Jovens mascarados em protesto contra o Governo Temer (Foto: Sebastião Moreira/EFE – El País)

Como os mascarados desmascaram o Brasil do “mais um direito a menos”

 

Os black blocs, que apanham tanto de tantos lados, podem ser uma chave para compreender esse momento tão complexo do Brasil. Não apenas pelo que são, muito pelos discursos sobre o que são. Ao quebrarem patrimônio material como forma de protesto e serem transformados numa espécie de inimigos públicos, aponta-se onde está o valor e também a disputa. Enquanto a destruição dos corpos de manifestantes pela Polícia Militar é naturalizada, a dos bens é criminalizada.
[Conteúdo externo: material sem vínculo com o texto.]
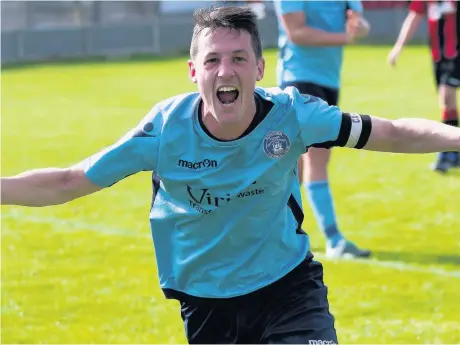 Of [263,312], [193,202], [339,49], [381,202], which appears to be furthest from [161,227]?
[381,202]

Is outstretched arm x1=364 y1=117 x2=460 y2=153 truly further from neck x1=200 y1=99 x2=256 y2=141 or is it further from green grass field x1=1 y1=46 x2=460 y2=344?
green grass field x1=1 y1=46 x2=460 y2=344

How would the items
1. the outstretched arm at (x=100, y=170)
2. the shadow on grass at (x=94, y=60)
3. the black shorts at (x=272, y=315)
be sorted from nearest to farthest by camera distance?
the outstretched arm at (x=100, y=170), the black shorts at (x=272, y=315), the shadow on grass at (x=94, y=60)

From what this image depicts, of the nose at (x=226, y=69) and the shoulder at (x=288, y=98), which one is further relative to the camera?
the shoulder at (x=288, y=98)

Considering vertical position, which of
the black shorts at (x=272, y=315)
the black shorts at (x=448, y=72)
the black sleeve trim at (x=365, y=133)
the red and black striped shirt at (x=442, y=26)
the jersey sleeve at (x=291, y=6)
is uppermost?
the black sleeve trim at (x=365, y=133)

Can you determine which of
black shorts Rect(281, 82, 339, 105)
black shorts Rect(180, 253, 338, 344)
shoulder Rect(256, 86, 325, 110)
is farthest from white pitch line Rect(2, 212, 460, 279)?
shoulder Rect(256, 86, 325, 110)

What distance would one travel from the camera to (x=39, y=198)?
4305 mm

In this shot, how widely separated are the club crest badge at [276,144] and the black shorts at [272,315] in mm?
558

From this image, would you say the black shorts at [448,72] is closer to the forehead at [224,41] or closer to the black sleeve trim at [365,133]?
the black sleeve trim at [365,133]

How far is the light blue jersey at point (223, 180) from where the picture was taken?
4.43 metres

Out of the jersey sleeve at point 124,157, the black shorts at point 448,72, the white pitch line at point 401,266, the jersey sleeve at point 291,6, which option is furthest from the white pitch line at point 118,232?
the black shorts at point 448,72

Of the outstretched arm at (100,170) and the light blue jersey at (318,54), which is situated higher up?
the outstretched arm at (100,170)

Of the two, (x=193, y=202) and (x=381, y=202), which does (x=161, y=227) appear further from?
(x=381, y=202)

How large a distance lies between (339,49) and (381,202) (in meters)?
2.16

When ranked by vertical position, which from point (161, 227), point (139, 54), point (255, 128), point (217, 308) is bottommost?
point (139, 54) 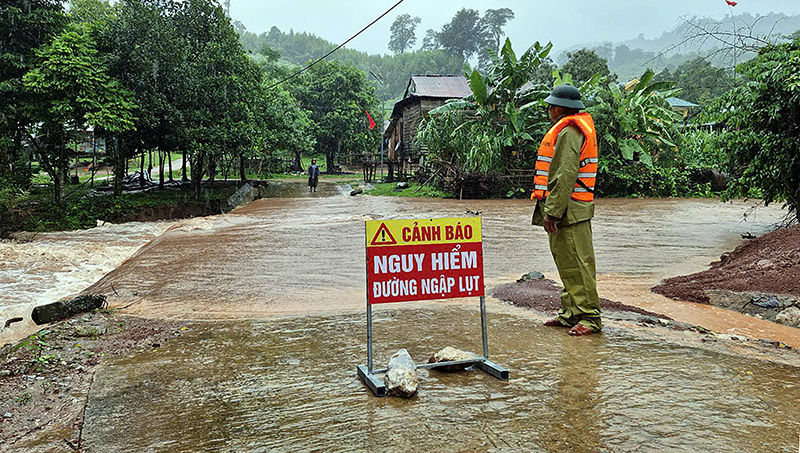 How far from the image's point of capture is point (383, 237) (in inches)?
144

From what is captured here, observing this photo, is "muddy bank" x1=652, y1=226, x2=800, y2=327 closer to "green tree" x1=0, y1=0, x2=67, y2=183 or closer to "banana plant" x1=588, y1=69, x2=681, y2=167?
"banana plant" x1=588, y1=69, x2=681, y2=167

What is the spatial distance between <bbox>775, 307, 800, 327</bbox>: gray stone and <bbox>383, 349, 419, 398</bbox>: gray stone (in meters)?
4.19

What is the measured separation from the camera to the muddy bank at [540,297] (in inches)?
221

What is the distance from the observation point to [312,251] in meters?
10.3

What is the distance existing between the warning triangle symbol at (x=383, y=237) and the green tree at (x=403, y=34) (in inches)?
5765

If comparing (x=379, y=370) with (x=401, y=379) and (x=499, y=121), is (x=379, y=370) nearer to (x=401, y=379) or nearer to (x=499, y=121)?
(x=401, y=379)

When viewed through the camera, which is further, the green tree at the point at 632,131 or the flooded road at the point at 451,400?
the green tree at the point at 632,131

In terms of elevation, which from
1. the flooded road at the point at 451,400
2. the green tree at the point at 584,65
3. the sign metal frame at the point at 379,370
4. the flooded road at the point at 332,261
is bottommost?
the flooded road at the point at 332,261

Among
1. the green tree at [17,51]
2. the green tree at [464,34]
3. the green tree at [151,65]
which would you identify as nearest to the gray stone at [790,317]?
the green tree at [151,65]

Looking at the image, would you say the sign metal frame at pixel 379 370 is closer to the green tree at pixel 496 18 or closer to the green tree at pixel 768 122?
the green tree at pixel 768 122

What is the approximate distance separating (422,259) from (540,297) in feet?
9.16

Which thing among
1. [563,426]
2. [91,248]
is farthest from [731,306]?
[91,248]

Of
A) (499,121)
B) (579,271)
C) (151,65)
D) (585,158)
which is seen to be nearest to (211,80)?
(151,65)

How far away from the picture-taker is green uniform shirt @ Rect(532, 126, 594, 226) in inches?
177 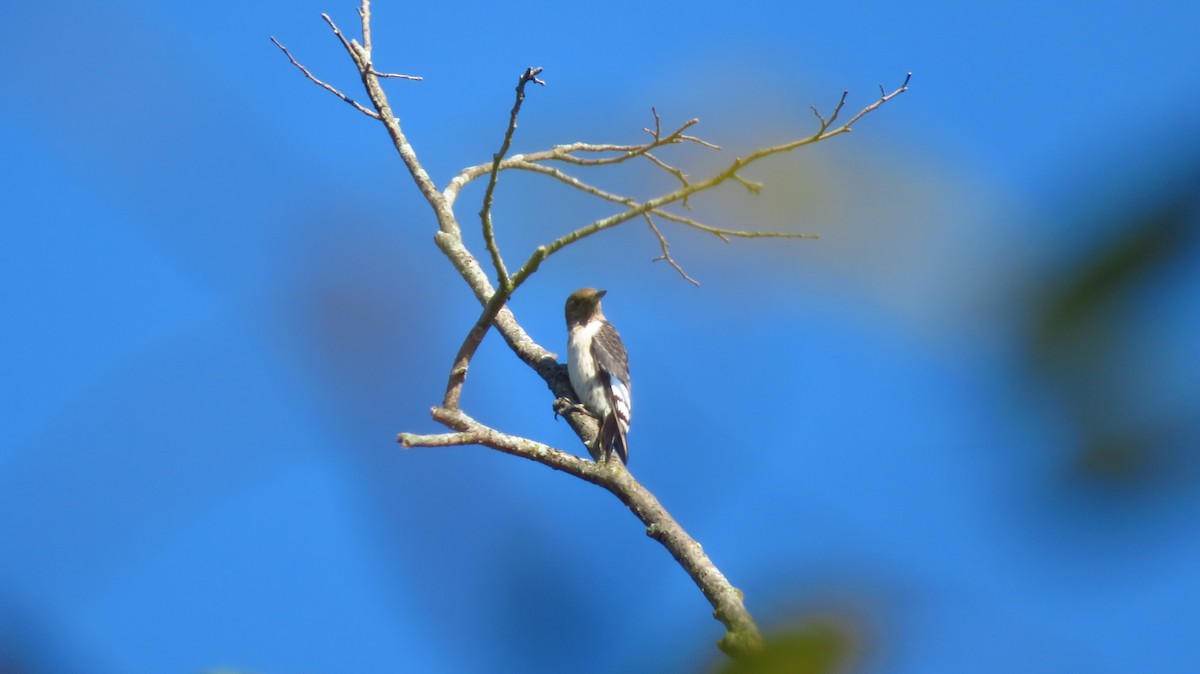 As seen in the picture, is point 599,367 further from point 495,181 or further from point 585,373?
point 495,181

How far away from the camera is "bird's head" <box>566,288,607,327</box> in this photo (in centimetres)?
875

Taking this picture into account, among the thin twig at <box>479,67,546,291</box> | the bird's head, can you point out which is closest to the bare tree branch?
the thin twig at <box>479,67,546,291</box>

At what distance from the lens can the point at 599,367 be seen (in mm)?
7605

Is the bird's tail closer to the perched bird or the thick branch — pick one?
the perched bird

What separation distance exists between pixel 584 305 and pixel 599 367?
4.18 feet

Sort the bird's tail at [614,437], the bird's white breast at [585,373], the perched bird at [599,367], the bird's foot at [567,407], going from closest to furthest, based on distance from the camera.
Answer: the bird's tail at [614,437]
the perched bird at [599,367]
the bird's foot at [567,407]
the bird's white breast at [585,373]

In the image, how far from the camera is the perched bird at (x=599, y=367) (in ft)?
22.4

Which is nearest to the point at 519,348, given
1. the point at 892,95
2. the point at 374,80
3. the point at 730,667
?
the point at 374,80

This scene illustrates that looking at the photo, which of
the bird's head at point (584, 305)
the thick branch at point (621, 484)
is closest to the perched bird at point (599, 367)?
the bird's head at point (584, 305)

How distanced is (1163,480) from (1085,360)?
0.08m

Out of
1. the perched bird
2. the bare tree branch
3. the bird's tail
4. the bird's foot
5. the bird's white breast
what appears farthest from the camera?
the bird's white breast

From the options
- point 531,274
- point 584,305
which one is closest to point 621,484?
point 531,274

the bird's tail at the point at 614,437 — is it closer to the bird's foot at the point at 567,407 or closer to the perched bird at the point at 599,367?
the perched bird at the point at 599,367

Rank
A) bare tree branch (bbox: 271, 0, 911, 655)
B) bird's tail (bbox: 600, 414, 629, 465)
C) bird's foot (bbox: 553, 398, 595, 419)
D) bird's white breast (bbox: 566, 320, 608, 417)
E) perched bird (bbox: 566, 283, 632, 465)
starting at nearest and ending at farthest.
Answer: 1. bare tree branch (bbox: 271, 0, 911, 655)
2. bird's tail (bbox: 600, 414, 629, 465)
3. perched bird (bbox: 566, 283, 632, 465)
4. bird's foot (bbox: 553, 398, 595, 419)
5. bird's white breast (bbox: 566, 320, 608, 417) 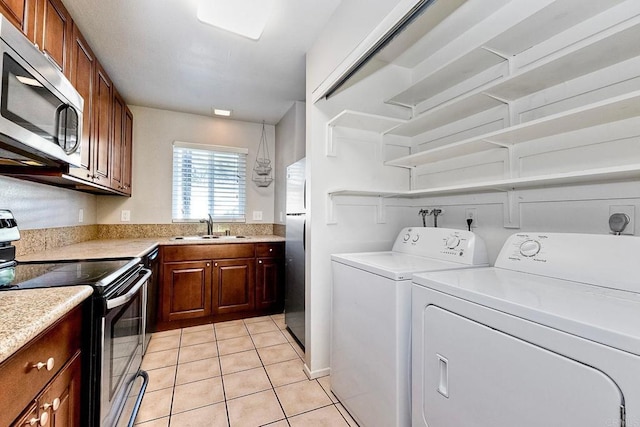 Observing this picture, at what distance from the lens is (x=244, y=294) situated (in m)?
3.12

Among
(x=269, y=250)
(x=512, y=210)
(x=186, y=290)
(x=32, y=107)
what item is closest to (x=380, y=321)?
(x=512, y=210)

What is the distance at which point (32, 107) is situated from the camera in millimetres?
1021

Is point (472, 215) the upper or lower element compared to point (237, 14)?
lower

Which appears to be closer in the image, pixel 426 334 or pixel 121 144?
pixel 426 334

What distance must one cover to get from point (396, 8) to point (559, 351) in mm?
1372

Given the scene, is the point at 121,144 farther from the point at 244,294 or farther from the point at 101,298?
the point at 101,298

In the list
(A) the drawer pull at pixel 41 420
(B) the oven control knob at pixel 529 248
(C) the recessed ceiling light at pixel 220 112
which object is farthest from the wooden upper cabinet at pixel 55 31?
(B) the oven control knob at pixel 529 248

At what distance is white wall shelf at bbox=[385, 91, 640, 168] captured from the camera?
3.45 feet

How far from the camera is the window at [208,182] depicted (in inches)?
138

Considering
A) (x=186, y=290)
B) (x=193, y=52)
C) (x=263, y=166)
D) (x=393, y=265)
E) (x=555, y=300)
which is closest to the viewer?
(x=555, y=300)

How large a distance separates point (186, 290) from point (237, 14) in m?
2.45

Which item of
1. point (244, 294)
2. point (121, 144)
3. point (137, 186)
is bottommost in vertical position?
point (244, 294)

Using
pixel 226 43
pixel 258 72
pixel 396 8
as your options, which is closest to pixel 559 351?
pixel 396 8

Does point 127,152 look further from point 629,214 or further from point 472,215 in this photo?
point 629,214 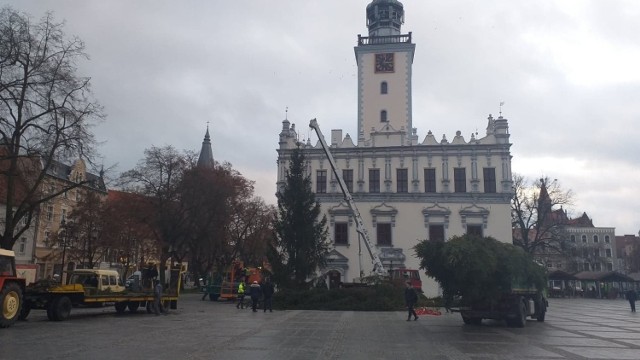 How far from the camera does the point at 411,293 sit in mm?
22438

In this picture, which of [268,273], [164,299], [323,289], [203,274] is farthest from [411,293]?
[203,274]

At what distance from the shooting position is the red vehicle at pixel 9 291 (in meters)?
16.4

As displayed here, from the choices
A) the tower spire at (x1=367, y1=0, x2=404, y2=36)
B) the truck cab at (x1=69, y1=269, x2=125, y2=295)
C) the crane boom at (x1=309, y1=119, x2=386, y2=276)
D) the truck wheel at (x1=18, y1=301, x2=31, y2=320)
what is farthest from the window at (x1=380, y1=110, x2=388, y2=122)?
the truck wheel at (x1=18, y1=301, x2=31, y2=320)

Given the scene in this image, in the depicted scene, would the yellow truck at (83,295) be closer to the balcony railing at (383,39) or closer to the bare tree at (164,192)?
the bare tree at (164,192)

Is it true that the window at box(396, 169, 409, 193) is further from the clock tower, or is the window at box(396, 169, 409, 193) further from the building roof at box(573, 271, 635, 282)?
the building roof at box(573, 271, 635, 282)

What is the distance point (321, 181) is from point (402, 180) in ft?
26.0


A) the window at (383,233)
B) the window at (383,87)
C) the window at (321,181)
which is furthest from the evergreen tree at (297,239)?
the window at (383,87)

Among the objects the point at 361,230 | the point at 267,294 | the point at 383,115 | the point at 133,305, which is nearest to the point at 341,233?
the point at 361,230

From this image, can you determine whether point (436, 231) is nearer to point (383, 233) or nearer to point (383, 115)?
point (383, 233)

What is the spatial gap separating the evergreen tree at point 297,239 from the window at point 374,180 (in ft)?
45.0

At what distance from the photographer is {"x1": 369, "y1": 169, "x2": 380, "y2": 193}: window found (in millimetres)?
48375

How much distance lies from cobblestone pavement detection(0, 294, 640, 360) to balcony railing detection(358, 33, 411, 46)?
124 feet

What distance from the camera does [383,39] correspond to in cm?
5328

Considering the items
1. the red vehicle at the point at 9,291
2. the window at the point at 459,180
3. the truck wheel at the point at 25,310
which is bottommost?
the truck wheel at the point at 25,310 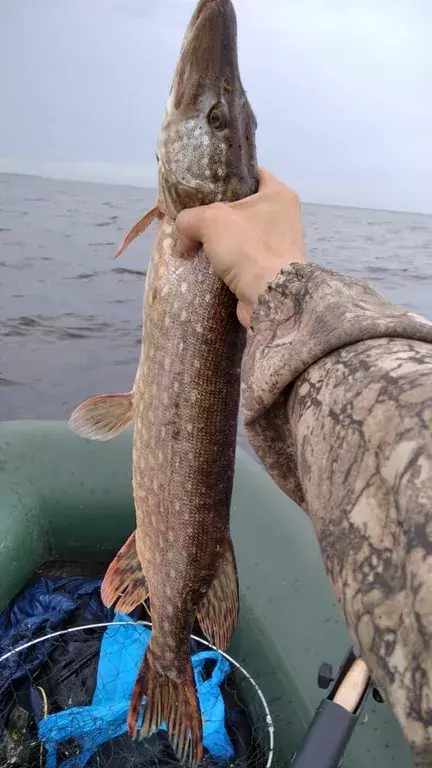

Reafirma-se, mais um vez, que os corpos podem ser arruinados, já que o importante é manter o patrimônio, em especial o dos bancos e grandes empresas, intacto. É também os corpos que sofrerão o impacto do projeto do governo que não foi eleito. Estes, que poderão ser ainda mais exauridos pelas mudanças nas regras do trabalho e também nas da aposentadoria. São os corpos os atingidos pelas reformas anunciadas como uma necessidade para não “quebrar o país”. Ao subverter o objeto direto do verbo “quebrar”, quebrando o que não pode ser quebrado, os mascarados desmascaram o projeto que pode ser chamado de “mais um direito a menos”.

Foto: Fernando Frazão/ Agência Brasil/Fotos Públicas (28/08/2013)

Foto: Fernando Frazão/ Agência Brasil/Fotos Públicas (28/08/2013)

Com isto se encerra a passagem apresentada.